An exact transcription of the lines below, from the first through the one containing "Slim-fit Temperament V-neck", is the only output wanted.

--- Record excerpts Enclosed Below ---

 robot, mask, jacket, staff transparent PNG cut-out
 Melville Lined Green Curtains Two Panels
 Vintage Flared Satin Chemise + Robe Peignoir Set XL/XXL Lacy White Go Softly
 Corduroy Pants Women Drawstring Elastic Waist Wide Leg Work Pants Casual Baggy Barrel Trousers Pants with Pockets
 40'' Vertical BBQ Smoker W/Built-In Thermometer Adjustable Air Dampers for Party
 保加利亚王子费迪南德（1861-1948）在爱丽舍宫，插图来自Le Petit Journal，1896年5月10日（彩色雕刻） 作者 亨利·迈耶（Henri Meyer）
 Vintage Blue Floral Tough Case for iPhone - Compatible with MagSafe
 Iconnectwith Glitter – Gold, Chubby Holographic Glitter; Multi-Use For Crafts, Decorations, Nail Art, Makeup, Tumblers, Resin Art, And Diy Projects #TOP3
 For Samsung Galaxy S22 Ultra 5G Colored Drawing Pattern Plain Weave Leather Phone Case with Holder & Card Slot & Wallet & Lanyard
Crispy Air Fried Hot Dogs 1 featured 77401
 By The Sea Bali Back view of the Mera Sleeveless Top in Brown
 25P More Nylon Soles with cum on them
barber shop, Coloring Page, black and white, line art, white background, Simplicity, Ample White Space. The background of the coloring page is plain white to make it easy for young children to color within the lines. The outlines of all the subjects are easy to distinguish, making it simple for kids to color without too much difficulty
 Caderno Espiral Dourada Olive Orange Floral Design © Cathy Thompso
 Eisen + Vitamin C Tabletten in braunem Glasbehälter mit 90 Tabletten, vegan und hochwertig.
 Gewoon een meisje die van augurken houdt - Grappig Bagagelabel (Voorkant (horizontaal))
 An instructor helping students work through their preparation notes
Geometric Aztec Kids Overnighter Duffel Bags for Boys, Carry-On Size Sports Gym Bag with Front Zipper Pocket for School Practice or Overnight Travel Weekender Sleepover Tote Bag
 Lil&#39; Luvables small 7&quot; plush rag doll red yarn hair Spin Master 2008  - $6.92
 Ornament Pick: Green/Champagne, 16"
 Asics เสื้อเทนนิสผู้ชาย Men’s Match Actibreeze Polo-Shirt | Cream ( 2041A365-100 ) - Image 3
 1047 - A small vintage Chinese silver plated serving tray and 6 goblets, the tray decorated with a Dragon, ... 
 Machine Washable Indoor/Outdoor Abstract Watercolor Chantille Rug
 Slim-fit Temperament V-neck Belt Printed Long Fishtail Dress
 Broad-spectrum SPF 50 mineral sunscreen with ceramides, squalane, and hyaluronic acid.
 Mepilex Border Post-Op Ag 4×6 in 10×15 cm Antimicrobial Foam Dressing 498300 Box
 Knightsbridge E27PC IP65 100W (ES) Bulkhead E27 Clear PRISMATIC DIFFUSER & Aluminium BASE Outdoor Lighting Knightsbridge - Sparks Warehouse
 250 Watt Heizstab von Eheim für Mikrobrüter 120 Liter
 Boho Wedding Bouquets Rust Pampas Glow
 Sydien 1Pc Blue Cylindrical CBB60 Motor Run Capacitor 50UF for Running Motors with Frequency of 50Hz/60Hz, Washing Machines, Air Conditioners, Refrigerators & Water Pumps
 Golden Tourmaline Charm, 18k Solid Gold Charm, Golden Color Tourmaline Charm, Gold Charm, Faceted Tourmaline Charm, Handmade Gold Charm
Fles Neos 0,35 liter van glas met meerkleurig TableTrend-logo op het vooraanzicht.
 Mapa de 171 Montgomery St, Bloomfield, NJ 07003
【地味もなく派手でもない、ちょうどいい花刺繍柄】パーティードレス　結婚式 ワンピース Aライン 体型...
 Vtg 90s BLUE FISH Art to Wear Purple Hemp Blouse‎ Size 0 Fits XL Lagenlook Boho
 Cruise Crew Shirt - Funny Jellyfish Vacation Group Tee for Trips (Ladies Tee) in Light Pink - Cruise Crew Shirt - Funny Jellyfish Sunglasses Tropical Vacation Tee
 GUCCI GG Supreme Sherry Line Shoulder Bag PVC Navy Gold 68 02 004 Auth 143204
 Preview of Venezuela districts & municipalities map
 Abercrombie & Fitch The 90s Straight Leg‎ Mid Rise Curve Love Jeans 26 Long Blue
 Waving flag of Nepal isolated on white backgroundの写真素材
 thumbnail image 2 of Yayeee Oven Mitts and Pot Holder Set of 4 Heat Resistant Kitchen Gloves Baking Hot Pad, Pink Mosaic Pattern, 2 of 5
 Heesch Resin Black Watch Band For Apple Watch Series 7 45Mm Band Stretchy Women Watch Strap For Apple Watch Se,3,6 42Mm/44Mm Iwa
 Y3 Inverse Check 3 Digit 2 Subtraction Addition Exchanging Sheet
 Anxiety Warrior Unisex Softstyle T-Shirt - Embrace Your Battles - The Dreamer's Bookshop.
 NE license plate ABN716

--- End of Enclosed Record excerpts ---

● **Result of the task**
 robot, mask, jacket, staff transparent PNG cut-out
 Melville Lined Green Curtains Two Panels
 Vintage Flared Satin Chemise + Robe Peignoir Set XL/XXL Lacy White Go Softly
 Corduroy Pants Women Drawstring Elastic Waist Wide Leg Work Pants Casual Baggy Barrel Trousers Pants with Pockets
 40'' Vertical BBQ Smoker W/Built-In Thermometer Adjustable Air Dampers for Party
 保加利亚王子费迪南德（1861-1948）在爱丽舍宫，插图来自Le Petit Journal，1896年5月10日（彩色雕刻） 作者 亨利·迈耶（Henri Meyer）
 Vintage Blue Floral Tough Case for iPhone - Compatible with MagSafe
 Iconnectwith Glitter – Gold, Chubby Holographic Glitter; Multi-Use For Crafts, Decorations, Nail Art, Makeup, Tumblers, Resin Art, And Diy Projects #TOP3
 For Samsung Galaxy S22 Ultra 5G Colored Drawing Pattern Plain Weave Leather Phone Case with Holder & Card Slot & Wallet & Lanyard
Crispy Air Fried Hot Dogs 1 featured 77401
 By The Sea Bali Back view of the Mera Sleeveless Top in Brown
 25P More Nylon Soles with cum on them
barber shop, Coloring Page, black and white, line art, white background, Simplicity, Ample White Space. The background of the coloring page is plain white to make it easy for young children to color within the lines. The outlines of all the subjects are easy to distinguish, making it simple for kids to color without too much difficulty
 Caderno Espiral Dourada Olive Orange Floral Design © Cathy Thompso
 Eisen + Vitamin C Tabletten in braunem Glasbehälter mit 90 Tabletten, vegan und hochwertig.
 Gewoon een meisje die van augurken houdt - Grappig Bagagelabel (Voorkant (horizontaal))
 An instructor helping students work through their preparation notes
Geometric Aztec Kids Overnighter Duffel Bags for Boys, Carry-On Size Sports Gym Bag with Front Zipper Pocket for School Practice or Overnight Travel Weekender Sleepover Tote Bag
 Lil&#39; Luvables small 7&quot; plush rag doll red yarn hair Spin Master 2008  - $6.92
 Ornament Pick: Green/Champagne, 16"
 Asics เสื้อเทนนิสผู้ชาย Men’s Match Actibreeze Polo-Shirt | Cream ( 2041A365-100 ) - Image 3
 1047 - A small vintage Chinese silver plated serving tray and 6 goblets, the tray decorated with a Dragon, ... 
 Machine Washable Indoor/Outdoor Abstract Watercolor Chantille Rug
 Slim-fit Temperament V-neck Belt Printed Long Fishtail Dress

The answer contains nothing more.